#### ACTIVITY:
Nothing but the records, copied exactly and stripped of pictures, should be in the answer.

DATA FOR THIS TASK START

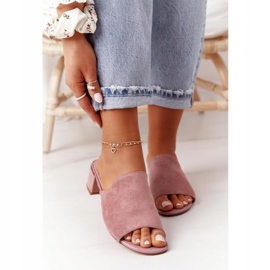 Ciabatte In Pelle Scamosciata Sul Tacco Sergio Leone KL313 Rosa 1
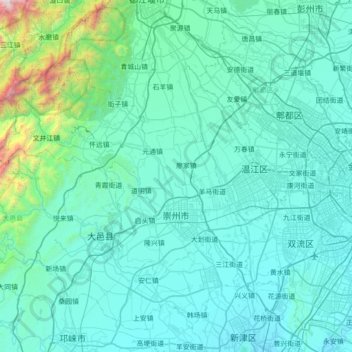 Mapa topográfico 崇州市, altitud, relieve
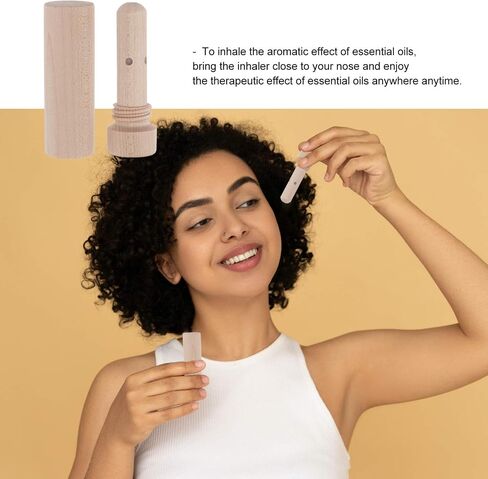 Beaupretty Aromatherapy Inhaler Wooden Essential Oil Nasal Inhalers Fragrance Sniffing Tube Empty Fragrance Oil Sticks for Essential Oil Aromatherapy Fragrance Oil in Saudi Arabia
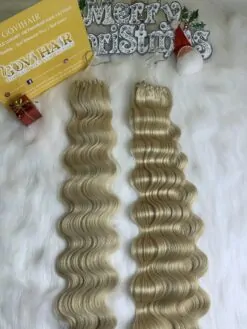H6 Feather Hair Extensions Super Double Drawn Wavy Blonde Color Luxury Vietnamese Hair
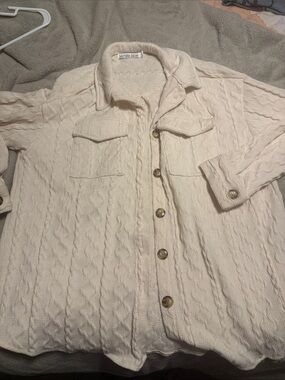 Michelle Mae Cream Cable-Knit Button Front Shirt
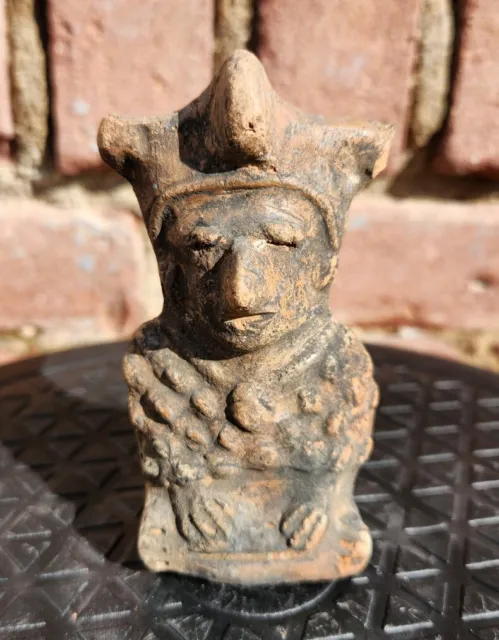 Pre-Columbian Temple Seated Priest 3 7/8" Black Terracotta Figure Pottery 10!!!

DATA FOR THIS TASK END

#### WRITTEN RESPONSE:
 Ciabatte In Pelle Scamosciata Sul Tacco Sergio Leone KL313 Rosa 1
 Mapa topográfico 崇州市, altitud, relieve
 Beaupretty Aromatherapy Inhaler Wooden Essential Oil Nasal Inhalers Fragrance Sniffing Tube Empty Fragrance Oil Sticks for Essential Oil Aromatherapy Fragrance Oil in Saudi Arabia
H6 Feather Hair Extensions Super Double Drawn Wavy Blonde Color Luxury Vietnamese Hair
 Michelle Mae Cream Cable-Knit Button Front Shirt
 Pre-Columbian Temple Seated Priest 3 7/8" Black Terracotta Figure Pottery 10!!!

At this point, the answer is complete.